To say taking a team from 6th to 11th (via 5th) being 1 of the worst managerial performances you've ever seen is hyperbole, especially when Moyes managed 7th to 18th during his own spell in charge, and 1st to 6th with united, and Ranieri is currently overseeing 1st to 16th. So once again, I would call that an overemphasis.
You also make the assessment that Martinez agreed that Moyes left us strong by using 8 of those players, to somehow prove my point wrong, when my point wasn't that he there wasn't a core of a decent team there, but that it was nearing the end of a cycle and would need replacing in the near future. I said as much in a few of my points, and that I believed he took the gamble on spending 2 years worth of budget on Lukaku to compliment what was already there, under the impression the spine of the team would make do in the meantime.

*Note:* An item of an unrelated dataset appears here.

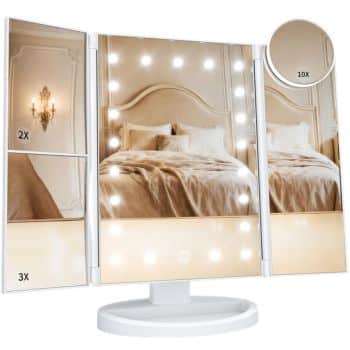 A tri-fold vanity mirror with built-in LED lights displays reflections of an elegant bedroom. The left panel has 2x and 3x magnification, and a small detachable 10x magnifying mirror is attached to the right panel.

Unfortunately the same spine, and it was the same players as you rightly point out, let him down badly over the next 2 years, mixed with the younger players he introduced lacking in confidence.
As for Koeman replacing them all, again, I keep having to go over the same points, Koeman was brought in with an entirely different set of limitations to that which Martinez was managing under. A new billionaire owner, the ability to spend vast sums of money on established players and discard the older players who were no longer deemed good enough is a luxury he has knowing the weight of the financial muscle he has behind him. He is also able to call upon younger players that Martinez championed (Davies, Holgate).
We are never going to agree on this, so it seems pointless to continue. The frustrating thing is, I'm not trying to convince anyone Martinez was better than Koeman is or Moyes was. I'm just trying to say he doesn't deserve as much derision as he gets and there should be more reason applied to his time in charge. Rightly or wrongly, he helped shape where we are now.